Kill Your TV!!

I just got word my TV, a 32 inch Vizio, is spying on us. Evidently it’s capable of sending data back to its central headquarters where our avid interest in all things PBS are collected, collated and analyzed. For all I know these statistics are being sold to the Trump administration and filed under NEVER WATCHED ONE EPISODE OF THE APPRENTICE. ALERT THE FCC IMMEDIATELY!

I blame myself. I brought the cyclops into our house well aware that it was not my friend. It was a time-stealer, an electronic sedative, a babysitter and worse, a mediocre mess of programming. But I never imagined it as a spy. Oh, maybe I had some subliminal fears. Might explain the time when I lived in Seattle and Gomorrah that I tied a dummy to a chair and set the chair in front of a TV set in the living room. The TV had a Thunderbird wine bottle smashed through its picture tube. Guests who came over fell into two categories: those who treated it like an art installation and those who averted their eyes and ignored what to them was a disturbingly unacceptable tableau of deviant behavior.

Deviant behavior was probably the correct answer. Once, in the same year, my roommates and I dragged a TV into the vacant lot next door and proceeded to stone it to death. We hooked it up to an extension cord for maximum spark and implosion. When I moved up here to the island, we continued the tradition, but by then we aimed for peak destruction and tossed the one-eyed beast into a bonfire before smashing its eye. It became a kind of tradition, this television destruction. But like a lot of traditions, it lapsed over time.

Back in about 1982 my parents visited and were seriously alarmed that the only working TV in the shack was an old black and white with something wrong with the volume. At top volume it only whispered. Watching it was like a return to silent movies. Without the piano man. So naturally they decided to give us an early Christmas present in September.

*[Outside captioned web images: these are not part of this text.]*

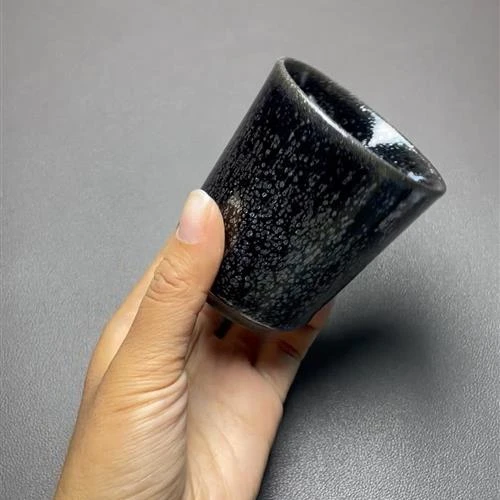 【闪购商品】茶盏-508............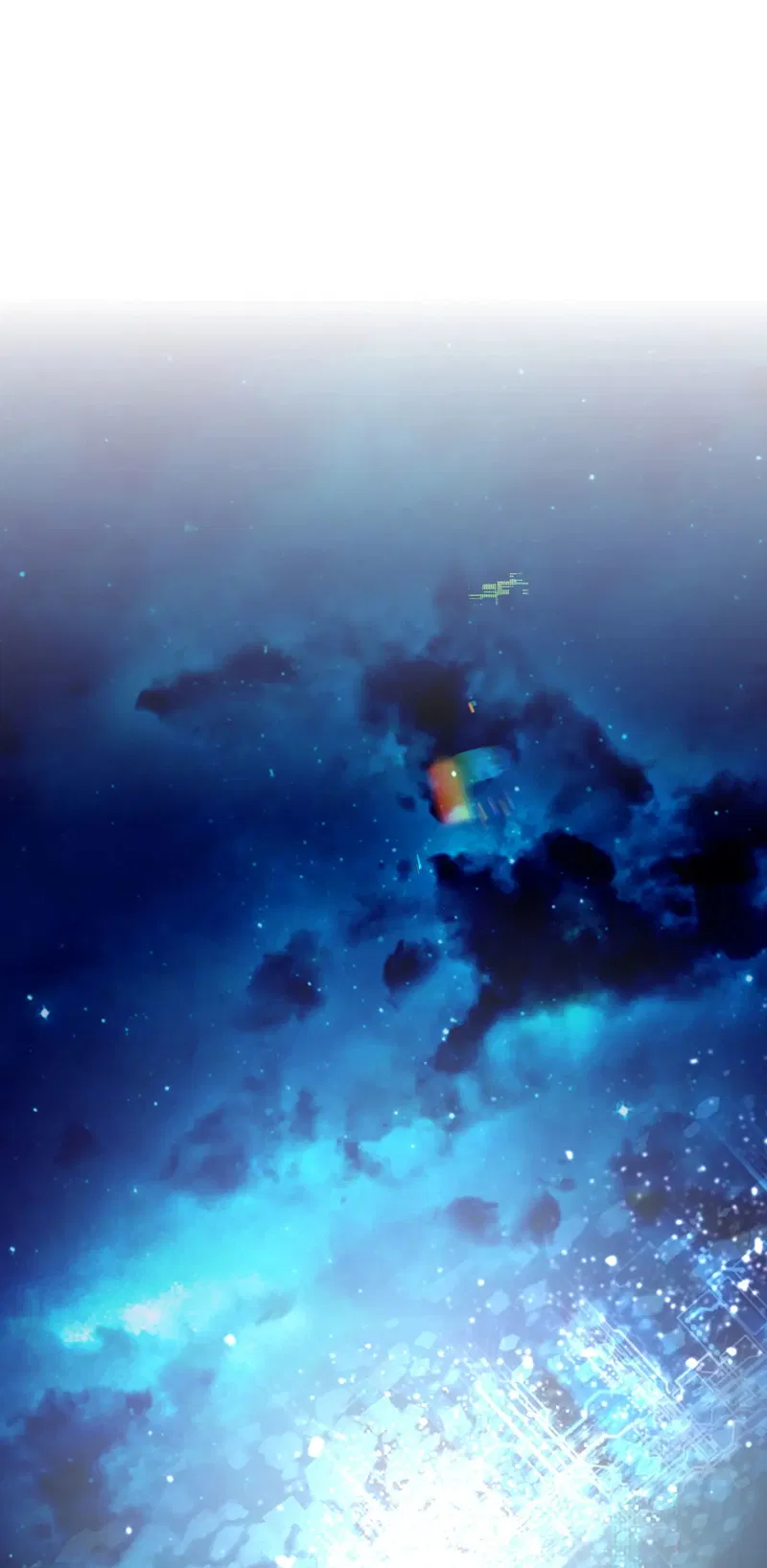 Đơn Xin Ly Hôn - Chap 42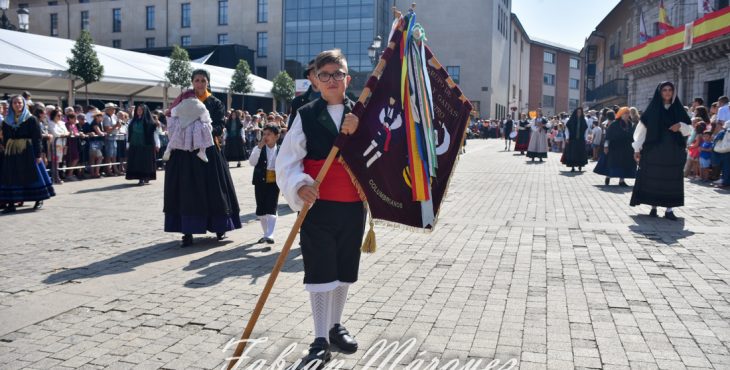 dia encina 2018-32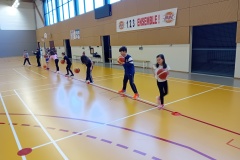 20260319_151719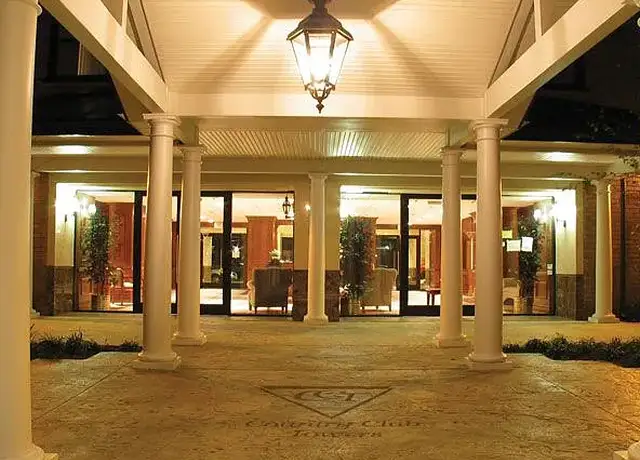 Photo of 140 Hepburn Rd, Clifton, NJ 07012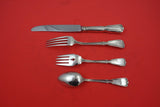Chambord by Reed and Barton Sterling Silver Regular 4-pc Place Setting(s)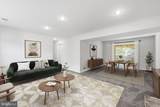 8640 Gateshead Road - Photo 23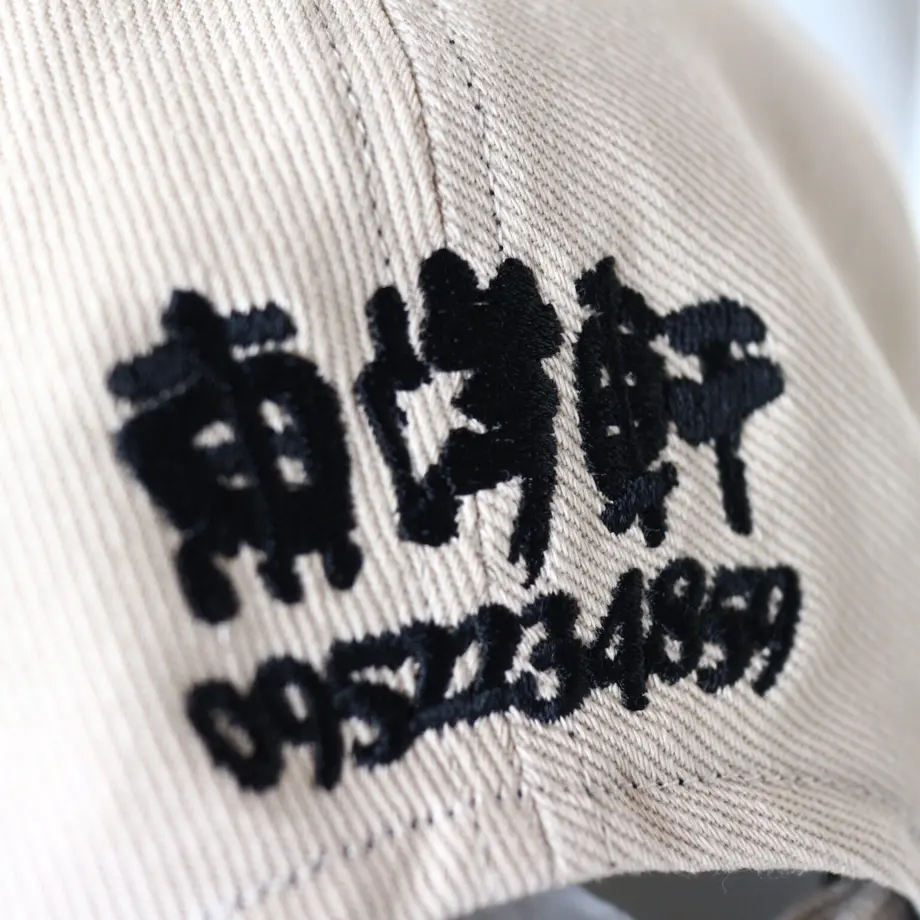 60da8d3ac3289c1c744b1430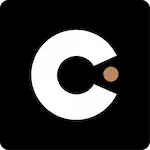 Capital.com mejores.webp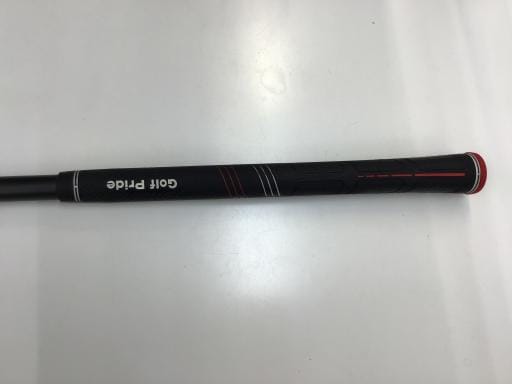 aqhcfdrsnmd@aP@rs@@XDT°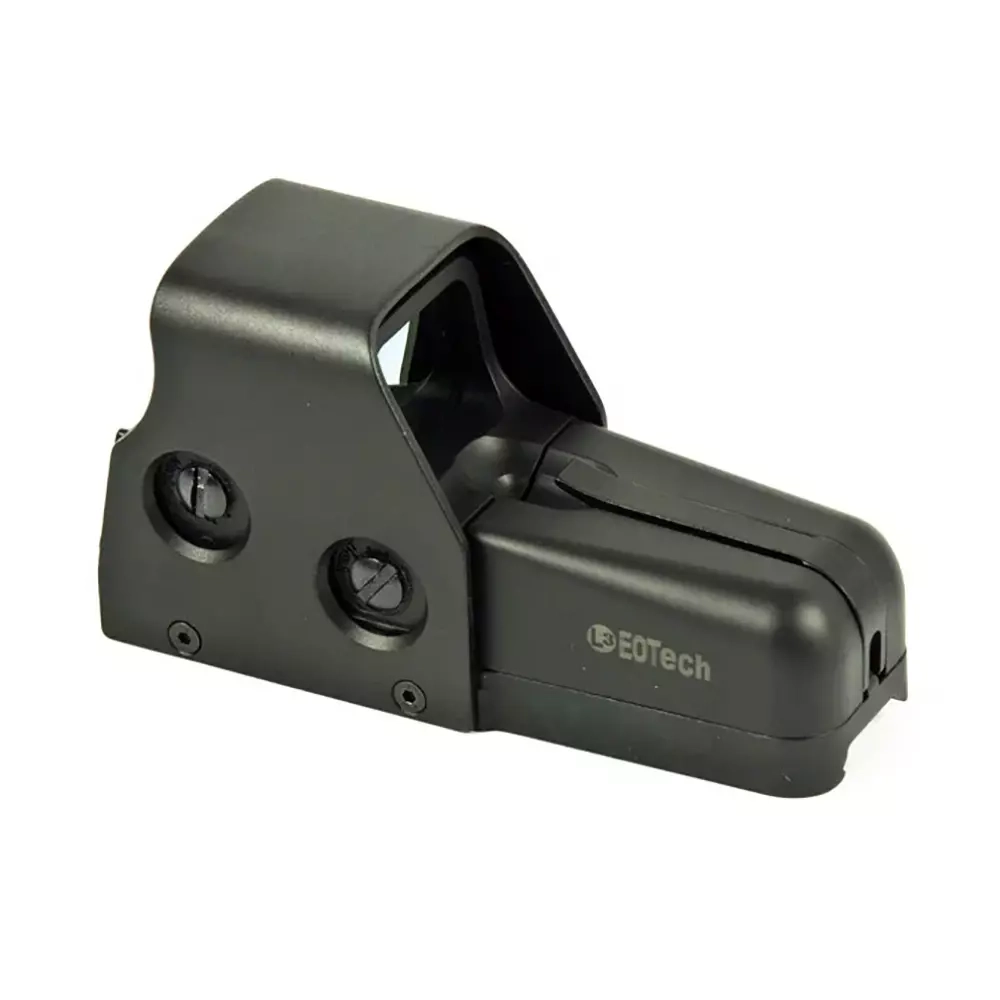 Прицел коллиматорный EOTech 553, реплика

Our first color TV. So they could watch it when they visited when we’d exhausted conversations.

And now, 35 years later, we still have a TV. A TV we watch. And a TV that watches us. I suppose we could watch reruns of the Apprentice to give the appearance of compliance to the Donald’s ego. But we don’t have cable and I doubt we could find those reruns. I’m thinking maybe it’s time to return to those old traditions and just burn the bastard.